_Exercise brief_: Could you set down the lines from the first line of the entries below through the line with "Zuma Line Rea", exactly and with no pictures?

_Dataset records_:
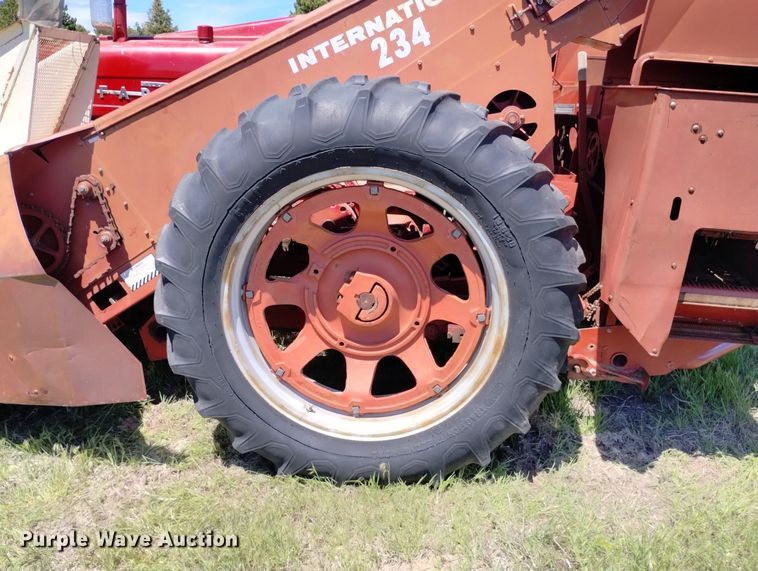 image for item LP9555 Farmall 400  with International 234 corn picker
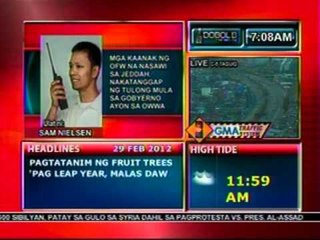 DB: Mga kaanak ng OFW na nasawi   sa Jeddah, nakatanggap ng tulong   mula sa gobyerno ayon sa OWWA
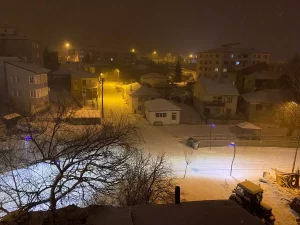 Çankırı’da Kar Yağışı Etkili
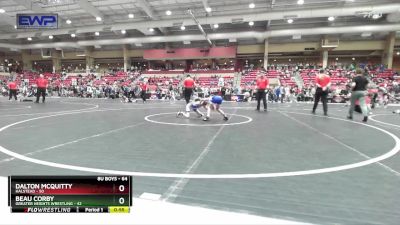 64 lbs Quarterfinal - Dalton McQuitty, Halstead vs Beau Corby, Greater Heights Wrestling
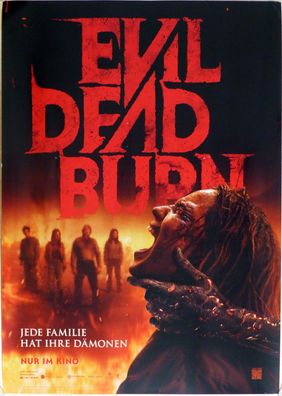 Evil Dead Burn - Original Kinoplakat A1 - Souheila Yacoub, Hunter Doohan - Filmposter
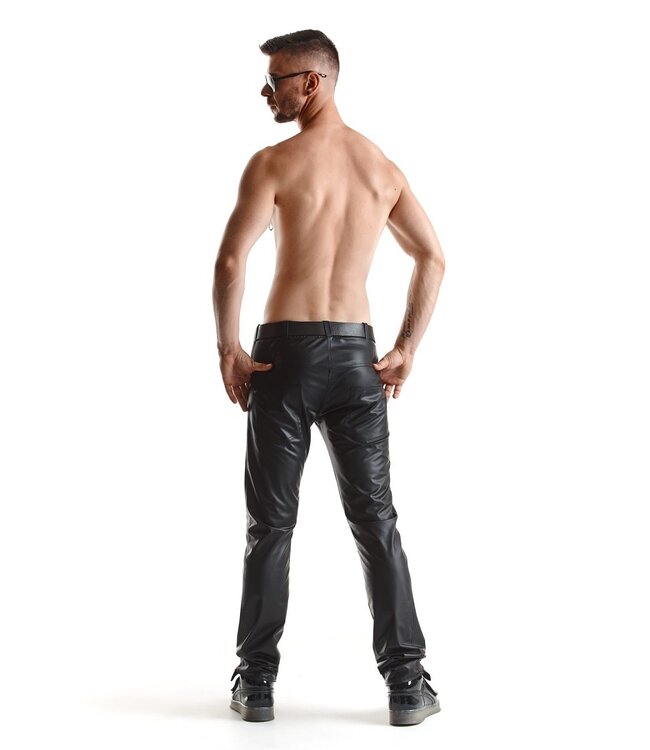 Wetlook Masculine Trousers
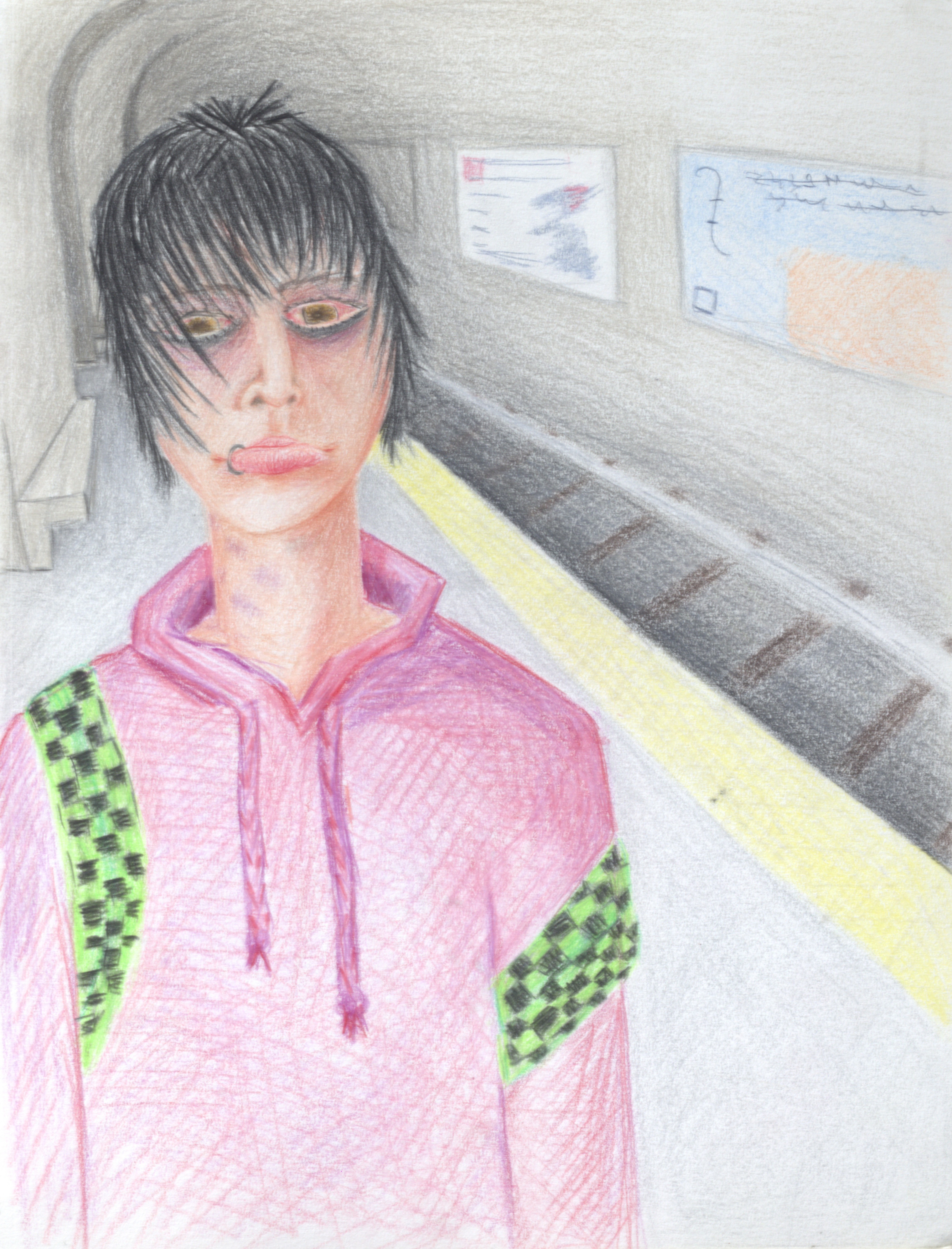 Colored pencil on paper, 9 x 12 in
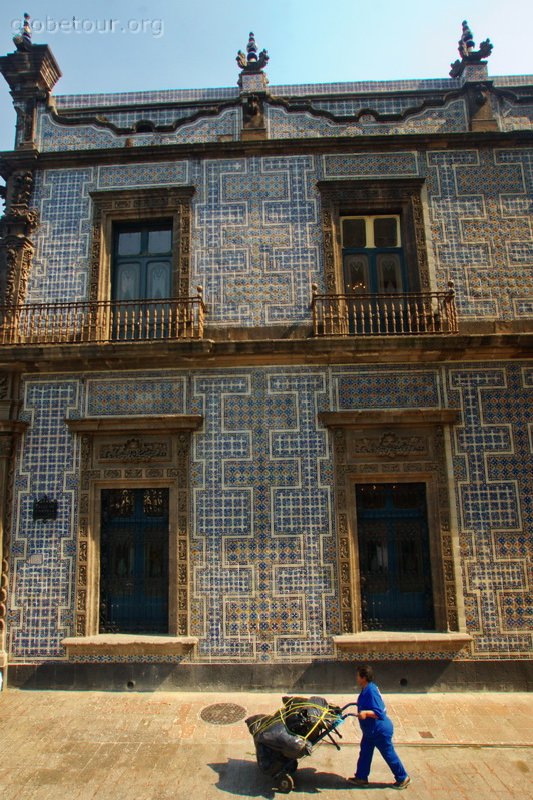 Mexico, Mexico DF, casa de azulejos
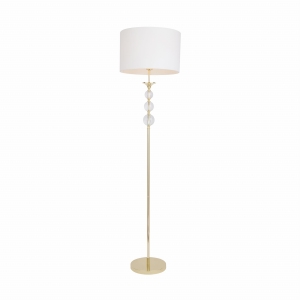 Zuma Line Rea Lampa podłogowa kolor złoty/biały metal/szkło, E27 IP20 - RLL93163-1GW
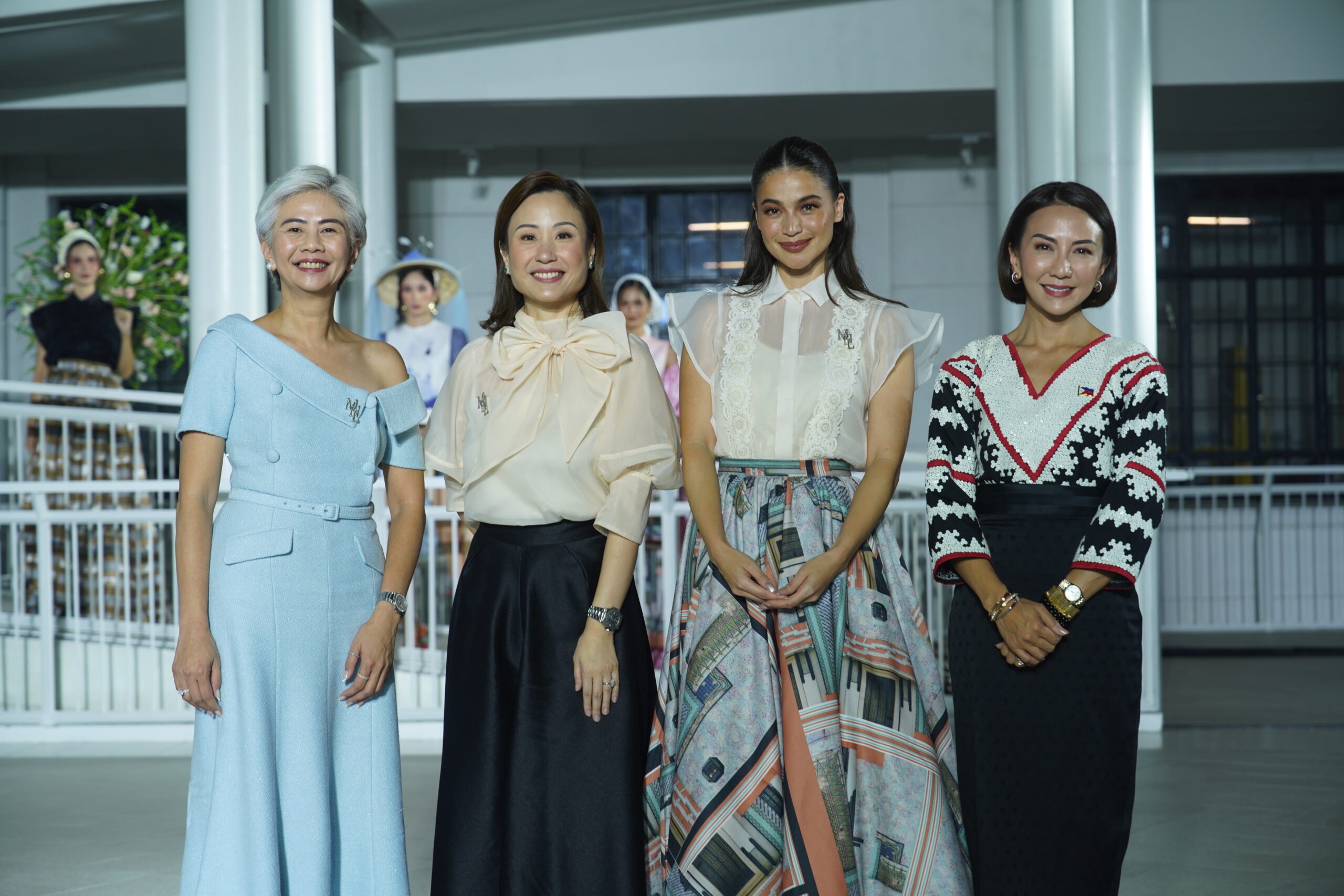 PHOTOGRAPHS COURTESY OF PLAINS & PRINTS<br />(FROM left) Manila City Mayor Honey Lacuna, Plains & Prints founder Roxanne Farillas, Anne Curtis and DoT Secretary Christina Frasco.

_Answer area_:
 image for item LP9555 Farmall 400  with International 234 corn picker
 DB: Mga kaanak ng OFW na nasawi   sa Jeddah, nakatanggap ng tulong   mula sa gobyerno ayon sa OWWA
 Çankırı’da Kar Yağışı Etkili
 64 lbs Quarterfinal - Dalton McQuitty, Halstead vs Beau Corby, Greater Heights Wrestling
 Evil Dead Burn - Original Kinoplakat A1 - Souheila Yacoub, Hunter Doohan - Filmposter
 Wetlook Masculine Trousers
 Colored pencil on paper, 9 x 12 in
 Mexico, Mexico DF, casa de azulejos
 Zuma Line Rea Lampa podłogowa kolor złoty/biały metal/szkło, E27 IP20 - RLL93163-1GW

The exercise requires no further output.